Hi Guys,
I want to build an application something like every week getting the special offers from supermarkets site and suggest users, list of stores for shopping at cheaper prices.
Unfortunately, most of the supermarkets have no API's. Can I web scrape their content or manually get the content from their sites and use them in my application? Is it legal?
AFAIK it is considered legal as long as you are scanning publicly available data: https://towardsdatascience.com/web-scraping-is-now-legal-6bf0e5730a78
Hey @anton_ogarkov, Thanks for the link
If web scraping was illegal Google would not exist.
TIL that google is doing web scrapping to get the data.
If i add my site to google, that mean I opt-in to get scrapped by google right?
Google offers an opt-out.
The opt-out is pretty useless against scraping in general, right? Should you go through all existing web scraping services and opt-out? That's an impossible task.
It's the opposite. All scrapping systems should offer an opt-out, just like Google and all major scapers does. That's the point.
What do you mean it's the opposite? My point is that it should be opt-in, not opt-out. Because opt-out assumes you already know about the service. You can't find all scraping services in the world and go to each of them and ask for an opt-out.
Opt-in assumes you already know the service as well. So it's pretty simple. Opt-out through robots.txt or any other similar simple solution. We don't need to reinvent the wheel, we just need to use what is already available. The issue is that most of the small companies doesn't offer an opt-out, and won't read robots.txt either. Which, from my point of view, is not illegal for public content, it's just "not ok", so my suggestion is that small companies starts using robots.txt.

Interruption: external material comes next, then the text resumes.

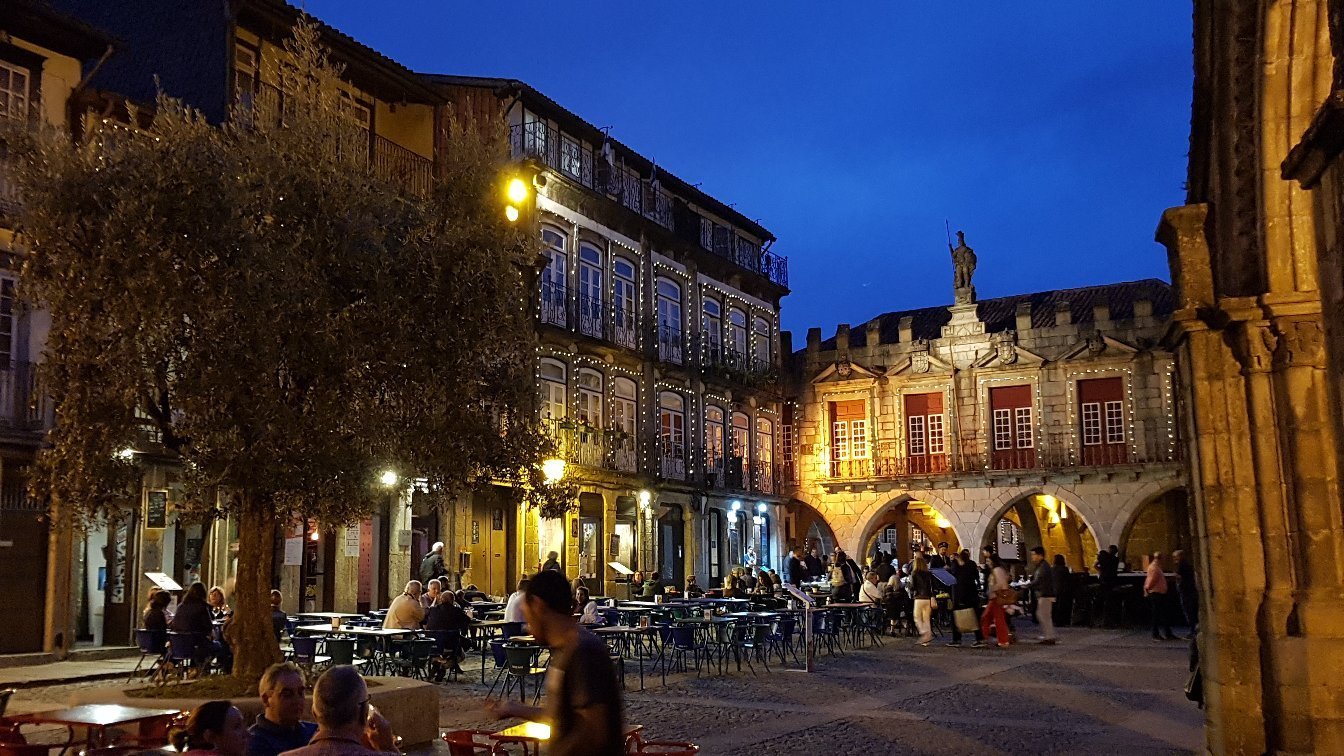 GUIMARÃESLIVING HOSTEL & ADVENTURE - Prices & Reviews (Guimaraes, Portugal)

I think you are missing the point of privacy in general. All consent should be explicit, not implicit.
Yes, I indeed want to know the services that I opt-in for. Would you like your photo being used on dodgy websites or for commercial purposes jus because you never heard of them and nevet opted out? Or would you prefer it to never be used unless you specifically give your consent?
Robots.txt is good and a good start to limit scraping of your content, but it's not legally binding in any way and crawlers/scrapers can still do whatever they want with the data, regardig what robots.txt says.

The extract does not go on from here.